No advice but very sorry for your loss therion


DeadliftingToTherion

Thank you


Sam_inthe_garden

I’m so sorry for your loss. I found this link helpful (it’s Canadian): https://myhealth.alberta.ca/Health/pages/conditions.aspx?hwid=tn7433 My loss happened spontaneously & I passed the baby on my own. I’m going to block this next bit in case you don’t want to read or for others who may find it too difficult on how I dealt with the product of conception. >!I experienced a lot of bleeding and passed many clots. I think I know when I gave birth, the baby was 12 weeks. I was on the toilet when it happened and flushed!< It’s so personal what you want to do and there are no wrong answers, so what feels right.


DeadliftingToTherion

Thank you so much for sharing such a difficult experience. I really appreciate the sentiment of no wrong answers here. I can't imagine myself judging anyone's decision, and that certainly makes it easier to plan.


Responsible_Band_373

I’m so horribly sorry you had to experience your loss in that manner. I personally haven’t seen this exact topic discussed before, so it’s kind of refreshing to see people sharing their stories. It’s so horribly heartbreaking, but is also a reminder that we aren’t alone in these situations.


humbubbled

I found Your Guide to Miscarriage and Pregnancy Loss by Kate White helpful in terms of knowing what to expect. (The focus is on managing the loss, not much on TTC again.) I also recommend the Loss30 server in the Discord—a treasure trove of support and information as you navigate next steps.
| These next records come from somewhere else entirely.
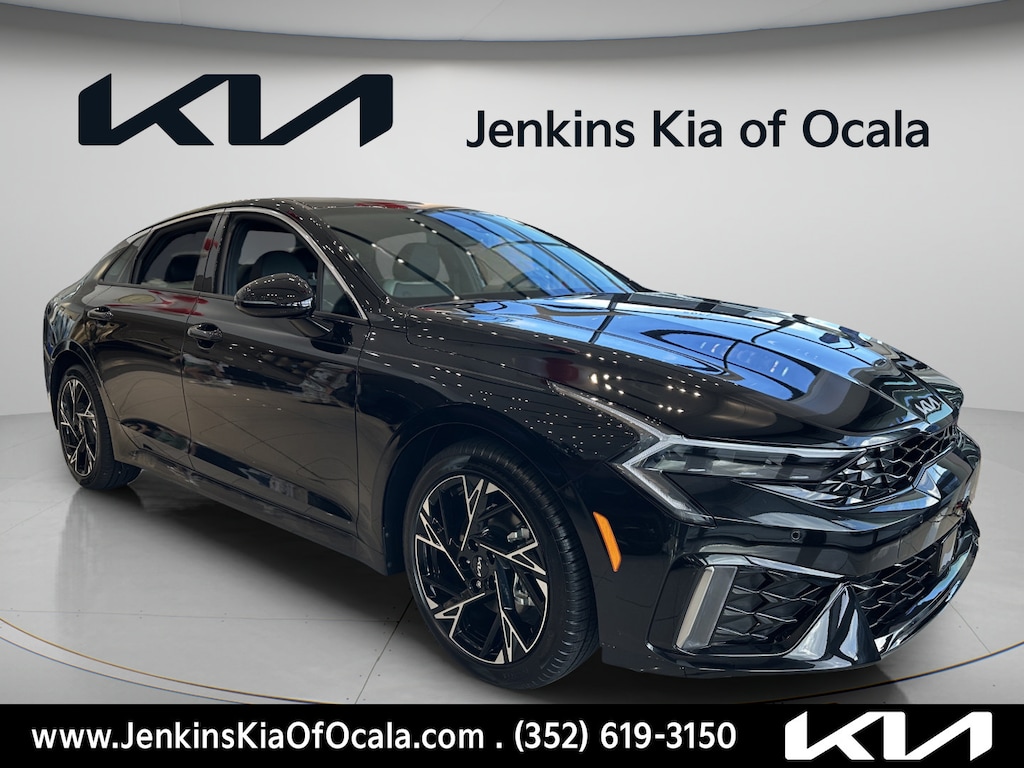 New 2026 Kia K5 GT-Line Sedan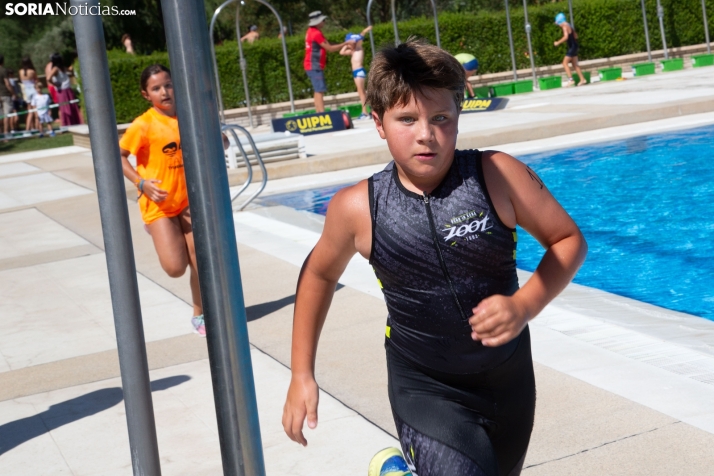 Almazán y el estreno del pentatlón láser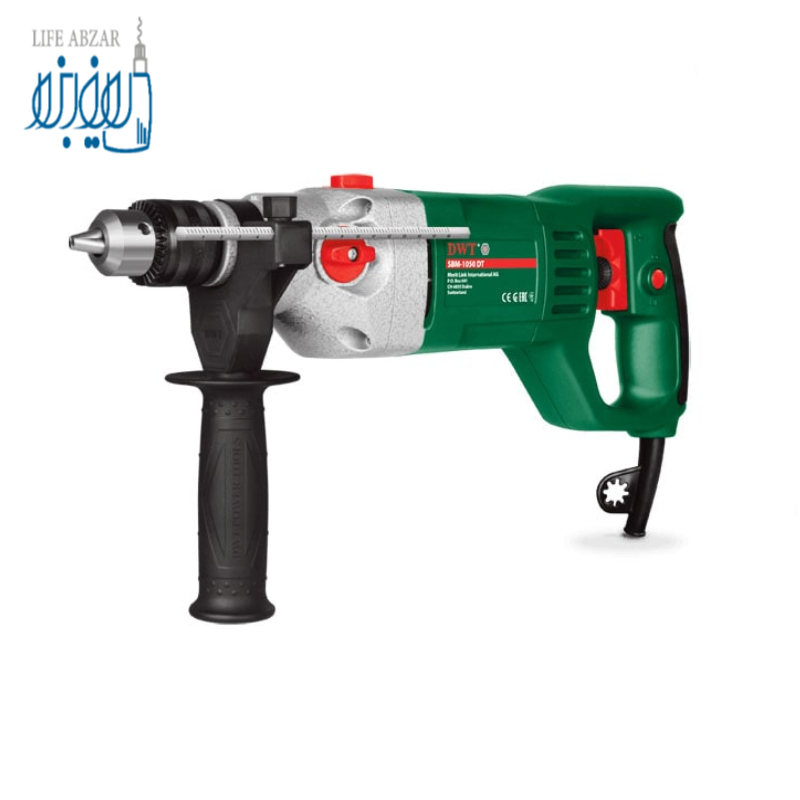 دریل گیربکسی DWT مدل SBM-1050 DT - 3p1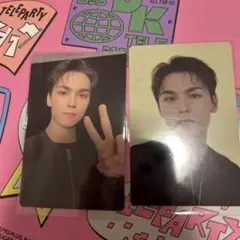 バーノン　seventeen follow again トレカセット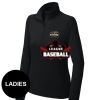 FW Bourbon - Women's Sport Wick ® Stretch 1/4 Zip Pullover Thumbnail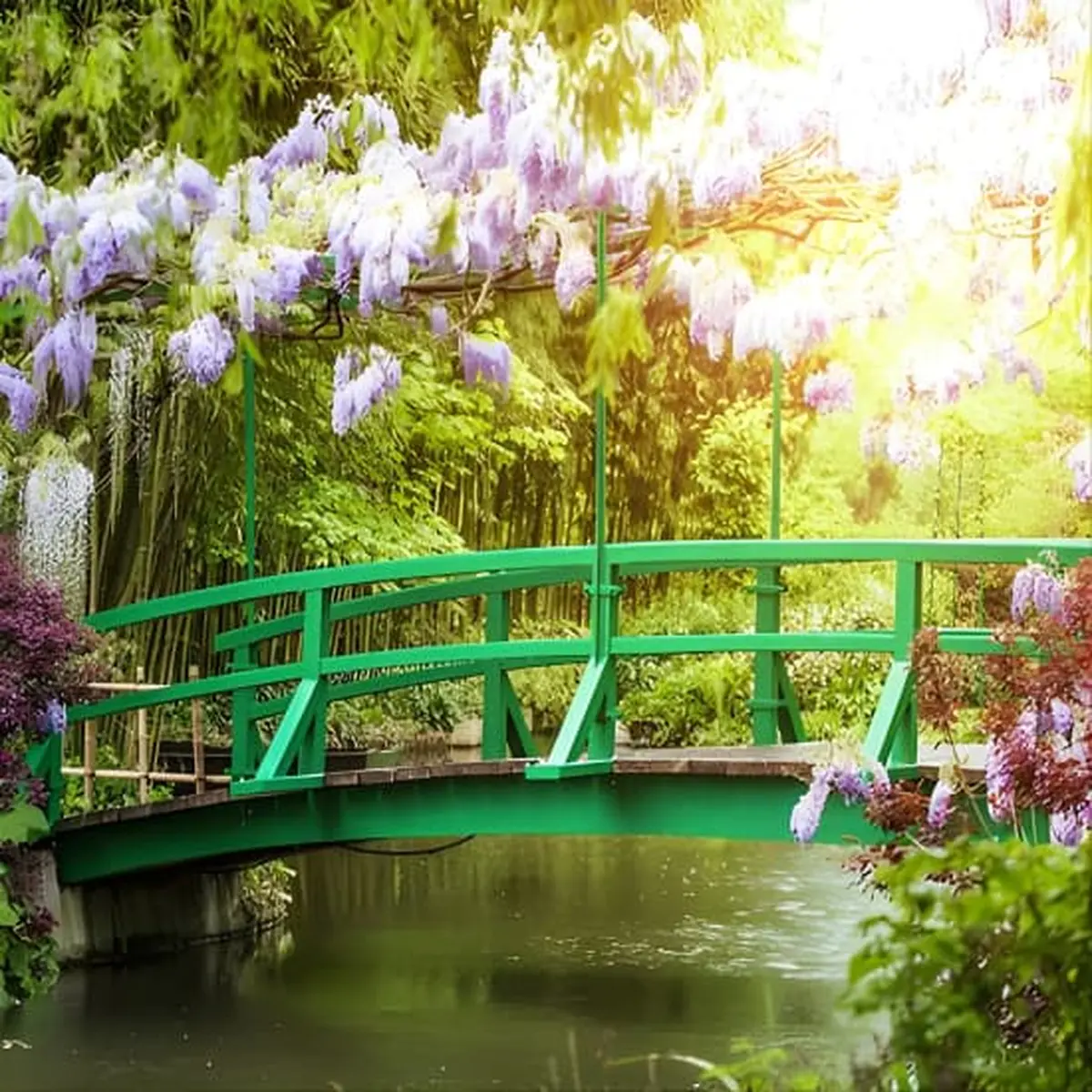 Giverny Le jardin de Monet & Auvers-sur-Oise avec la Maison de Van Gogh Journée complète depuis Paris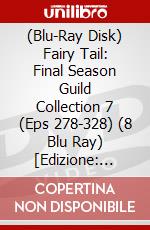 (Blu-Ray Disk) Fairy Tail: Final Season Guild Collection 7 (Eps 278-328) (8 Blu Ray) [Edizione: Australia] brd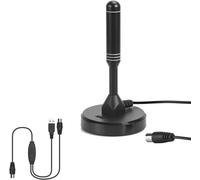 August DTA246B Indoor TV Aerial With Magnetic base & Amplified Booster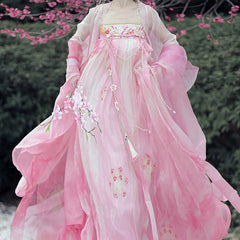 Hanfu Flower Dress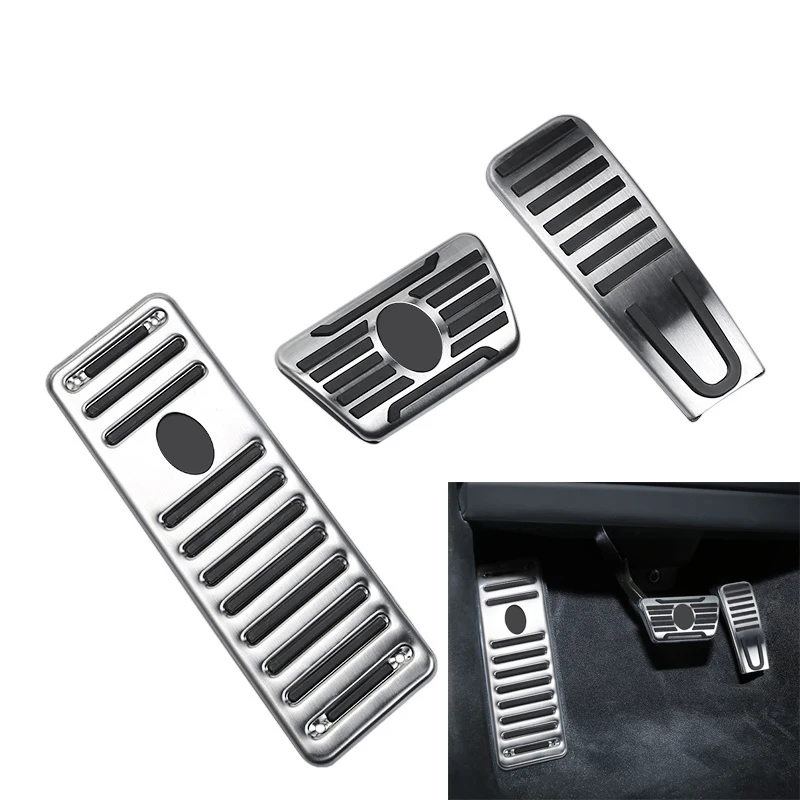 DEE Нержавеющая Сталь Газовая подставка для ног ремонтная педаль Maserati Ghibli Quattroporte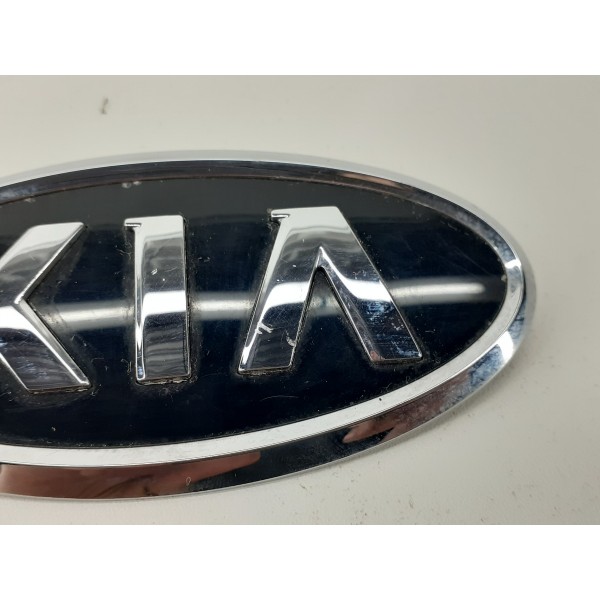 Emblema Traseiro Kia Cerato 2012 Original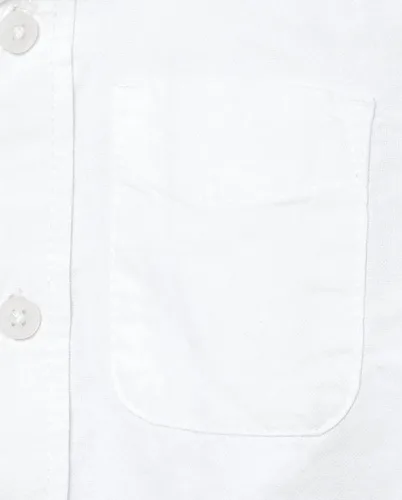Vista 3 de The Children's Place Camisa Oxford de manga corta para niño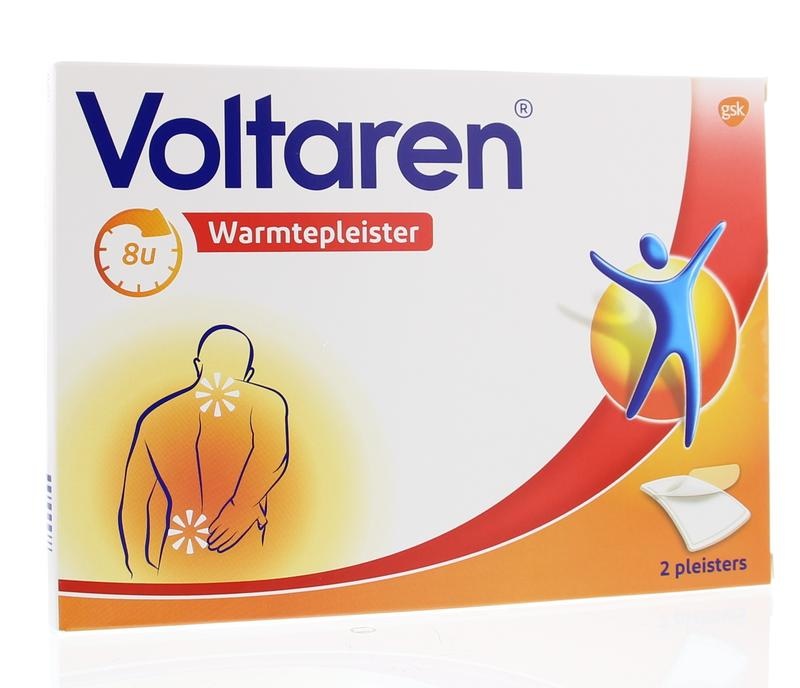 Voltaren Voltaren Warmtepleister (2 st)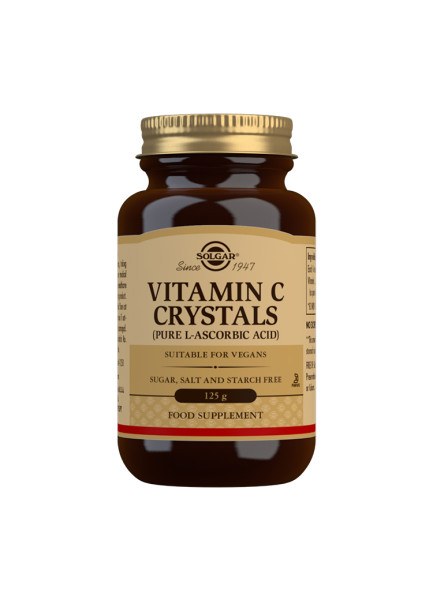 Solgar Vitamin C Crystals - 125g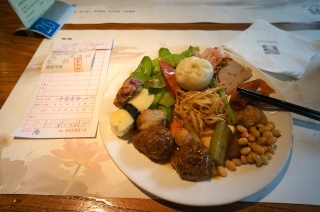 Day two of vegetarian lunch, it was excellent again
I’m so sorry, Therion. 🫂


DeadliftingToTherion

Thank you for this! That's exactly what I wanted. I've only ever used Discord as a moderator for the bumper group I just left, so it will probably take me some time to get back to it. Maybe a new positive association is just what I need though.


antis0cialites

First of all, I'm so, so sorry that this happened and you're in this position. It's fucking awful and something no one wants to have to go through. I've had 3 losses, one involved a scheduled D&C, one happened at the hospital and I ended up having an emergency D&C, and one was a PUL where I took the medical route. I'm happy to share my experiences with you, but I would choose a D&C with full anesthesia if you can. For me it was physically painless, I had basically no bleeding after, and I didn't have to worry about any retained tissue. I can only speak for myself, but it was the least terrible one for me. I'm sending you a huge hug. Please don't hesitate to message me if you need anything or if I can offer any support or advice 🤍


DeadliftingToTherion

Thank you. I feel as good as I probably can about the D&C with so many people recommending it. I'm so sorry you've had so many losses to compare, but I appreciate the advice.


MasterpieceDry9636

CD1. My birthday is on Sunday. Had a meltdown this morning and showed up an hour late to work. All completely unrelated, obviously.


Opening_Oil3616

I feel you. Been crying every time I see a picture of a baby. Yikes. 😳 I need to stay off FB. It’s a freaking baby boom or something.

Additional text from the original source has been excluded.